The business status of baseball has enabled it to become America’s “national pastime.” Just as the great feats of Johnny Bench, Tom Seaver, Mike Schmidt, and Reggie Jackson captured the imagination of my generation, the achievements of Ken Griffey, Jr., Matt Williams, Barry Larkin, and Cal Ripken, Jr., inspire today’s youth—and the rest of us as well. This excellence largely emerges out of baseball’s status as a business or profession.
Unfortunately, the dark side of big business is a major part of the game as well. Corporate welfare deeply infiltrates baseball, along with most other professional sports. That is, a distasteful and costly alliance between government and business. Fans no longer support their favorite teams and players merely through ticket prices, concessions, team apparel and souvenirs, and cable TV subscriptions, but through their taxes as well. Taxpayers across America—whether they are fans or not—are subsidizing the portion of the entertainment industry known as professional sports.

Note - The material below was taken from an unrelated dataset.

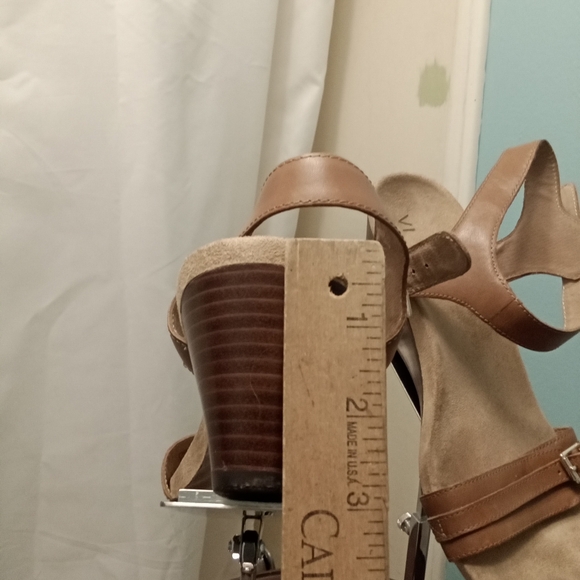 Vionic  Sandals - Picture 8 of 9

While such subsidies are completely unjustified, they become even more egregious considering, for example, that the average employee in major league baseball earns more than a million dollars a year.
Examples abound. New York—long accepted as the capital of traditional welfare spending—has managed to turn practically all levels of sport into welfare clients. Most prominently, both the state and New York City have been scrambling since 1993 to come up with plans for either a new Yankee Stadium in a new locale, or upgrades to the current facility in order to stop team owner George Steinbrenner from moving the Bronx Bombers out of New York. The cost to New York taxpayers vary from a whopping $1 billion proposal for an entirely new stadium to almost $400 million for a seemingly modest plan for a stadium upgrade that includes a new bridge leading into an 11,000-car parking garage, as well as a shopping mall.
However, New York state’s officials are not content to extend corporate welfare to only the New York Yankees. In the state’s 1994-95 budget, well over $100 million was slated for other stadiums and sports facilities, including $8 million for Rich Stadium, home of the Buffalo Bills; $25 million for the Buffalo Sabres’ new hockey arena; $4.5 million for the Soccer Hall of Fame in Oneonta, and millions more for minor league baseball stadiums across the state. Perhaps most distressing, though, is the $125,000 in state taxpayer dollars for the Baseball Hall of Fame Stadium in Cooperstown—a great blow to the innocence and independence of baseball.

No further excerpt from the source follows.